**Your task**
Work out how many lines in the entries below contain the string "Wheel". Reply with that figure alone.

(Brief descriptive captions)
■ ■ ■ ■ ■ ■ ■

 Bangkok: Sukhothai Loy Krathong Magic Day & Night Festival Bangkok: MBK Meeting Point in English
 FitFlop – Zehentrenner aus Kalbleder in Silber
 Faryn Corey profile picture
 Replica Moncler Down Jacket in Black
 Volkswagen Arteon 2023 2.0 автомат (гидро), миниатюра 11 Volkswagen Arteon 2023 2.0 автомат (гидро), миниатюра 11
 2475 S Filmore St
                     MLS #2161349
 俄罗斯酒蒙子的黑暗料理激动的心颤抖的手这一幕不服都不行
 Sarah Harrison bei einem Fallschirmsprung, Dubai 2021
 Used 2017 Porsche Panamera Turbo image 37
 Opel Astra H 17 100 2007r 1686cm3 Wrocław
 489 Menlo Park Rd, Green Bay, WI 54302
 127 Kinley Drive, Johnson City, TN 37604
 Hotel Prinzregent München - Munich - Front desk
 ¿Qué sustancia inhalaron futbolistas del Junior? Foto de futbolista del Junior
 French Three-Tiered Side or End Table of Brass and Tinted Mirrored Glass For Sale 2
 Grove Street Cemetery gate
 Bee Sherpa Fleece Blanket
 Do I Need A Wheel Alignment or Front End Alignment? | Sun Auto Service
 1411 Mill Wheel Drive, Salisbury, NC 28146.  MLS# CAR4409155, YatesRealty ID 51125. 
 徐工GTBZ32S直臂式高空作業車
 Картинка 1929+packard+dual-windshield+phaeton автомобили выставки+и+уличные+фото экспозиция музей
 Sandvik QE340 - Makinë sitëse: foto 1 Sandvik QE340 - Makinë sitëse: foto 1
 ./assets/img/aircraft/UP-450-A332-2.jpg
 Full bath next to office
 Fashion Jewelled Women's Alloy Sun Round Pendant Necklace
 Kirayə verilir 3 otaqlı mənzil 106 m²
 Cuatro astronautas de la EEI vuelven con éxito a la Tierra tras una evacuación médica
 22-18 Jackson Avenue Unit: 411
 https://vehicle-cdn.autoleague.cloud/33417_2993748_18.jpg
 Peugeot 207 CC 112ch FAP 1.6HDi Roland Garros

■ ■ ■ ■ ■ ■ ■

**Completed exercise**
2